Nejashi Textiles And Gifts
The maxis are coming, the maxis are coming! Maybe not, but if you do find yourself hiding your legs underneath one in the coming seasons, have you thought about what to wear over it? Truthfully, the ankle-length coats at this Ethiopian boutique that caters to Muslims would do just as well over a mini when the fall breezes start to blow, and the price is right. Some coats are mighty trendy, such as the hip denim dusters that will keep you snug and stylish, and the shop's wide-leg jeans, tunic sweaters and embroidered caftans are well crafted and often stunning. What a way to make an entrance!
Talulah Jones
What is Re-Ment? It's a Japanese phenomenon, a company that manufactures Puchi Petites plastic miniatures, which resemble those fake food models used by Japanese restaurants to entice customers, only in diminutive form. There are dozens of sets to choose from, including $5 blind boxes. But beware: Puchi Petites are seriously addictive, and you'll find that if you buy the Seafood Surprise packet, with its tiny red plastic lobster, you might soon catch yourself coveting Healthy Happy Bagels or All American Apple Pie. It's childish. It's weird. It's cute. And if you want it, go straight to Talulah Jones.
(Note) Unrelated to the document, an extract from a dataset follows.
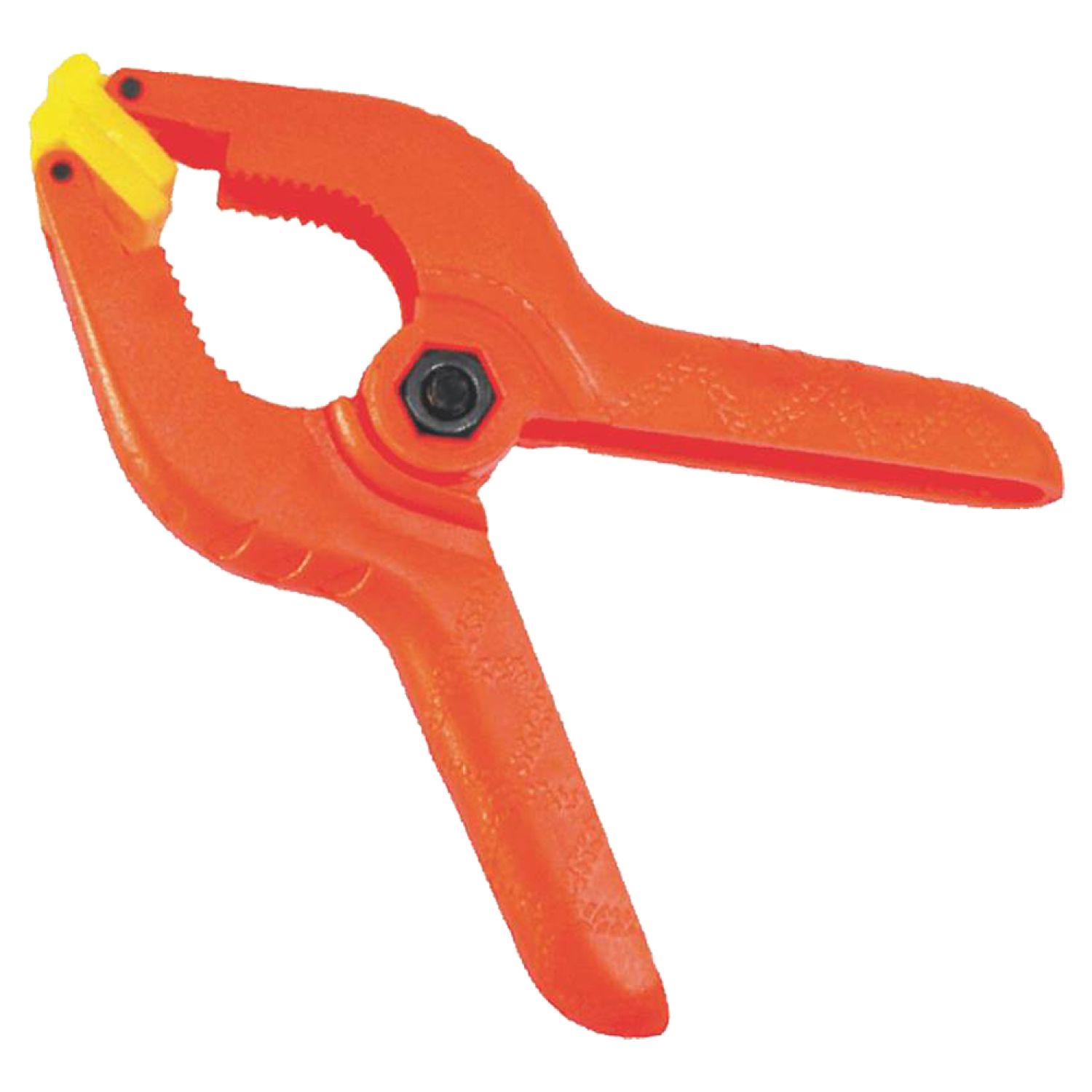 Toolbasix JLWCX007-1 Toolbasix JLWCX007-1 Spring Clamps, Mini - Nylon, 1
Stressful work environment? Bad breakup? Some days simply beg to be killed off with a bourbon, a beer and an old Western movie. Happily, you can get all three at Watson's, which has held down the corner of Ninth and Lincoln since the 1950s. The store started selling old Westerns — which are prominently on display above the counter — on DVD a couple of years ago. Priced at $7.99 each, they are popular around the holidays and on Father's Day, as well as with some regulars, one of whom has bought every title. Examples include: Apache Rose (1947), with Roy Rogers and Dale Evans; Abilene Town (1946), with Randolph Scott and Lloyd Bridges; Randy Rides Alone (1934), with John Wayne; and Tulsa (1949), with Susan Hayward and Robert Preston. Giddyup!
A & B Bowling Supply Co.
Move over, Hollywood stars: At A & B Bowling Supply, the red carpet is reserved for practice bowls. The plush runner is not there to look good; it's laid out so bowlers can learn the proper handling of their balls. This is the place to go when you need custom drilling while you wait. Be sure to ask for Neil Mortenson; he's sharp as a pin, throwing down bowling wisdom in the form of epigrams. He keeps his finger(s and a thumb) on the pulse of the bowling world and can poetically let you know how the Sarge-Easter Grip helps to stimulate a really high rev rate, as well as how to get spinners to hook into winners. Customers who deal with Neil insist their averages are better, and happily return to purchase trophies and shirts with lettering. It's a place with service to spare.
Caboodle
Caboodle isn't much to look at from the outside: The plain-looking storefront in an unlikely strip mall doesn't attract a lot of attention. But in a way, that matches owner Marlene Nuechterlein's intention to provide stay-at-home mompreneurs, local crafters and out-of-basement businesses an outlet where their locally made and often-recycled wares can be appreciated. Some standouts include Teatulia teas, all-natural soy candles by Evergreen Candleworks, spirit totems by Kit's Wild Women, Best of Denver-winning Baggy-Shirts shopping bags and the Peekaru vest, which fits over mom and baby when using a soft baby carrier in winter; you'll also find knitted items, hand-dyed silk scarves, quilts, CDs, glasswork, natural soaps, cards and many other gift items to choose from. And lately, Nuechterlein has added a series of DIY workshops where folks can also share their talents with their neighbors.
Scribbles Paper
For many urbanites living in the wi-fi world, letter-writing may seem as quaint and useless as butter churning or mustache waxing. At Scribbles, you'll want to leave the soulless world of texting and emoticons at the door. The shop is filled with wedding invitations, stationery and artist-made greeting cards. The baby books are so awesome that many customers decide to make babies just to be able to justify their purchases. A comfy sofa next to a sunny window is provided at the wrapping area at the back of the shop, to allow clients a tranquil space to make the enlightened choices needed for today's gift-wrapping protocols. The staff is graciously helpful and never pushy. It's hard to leave Scribbles without wishing to live in the glamorous days of penmanship instead of this impersonal life in Helvetica.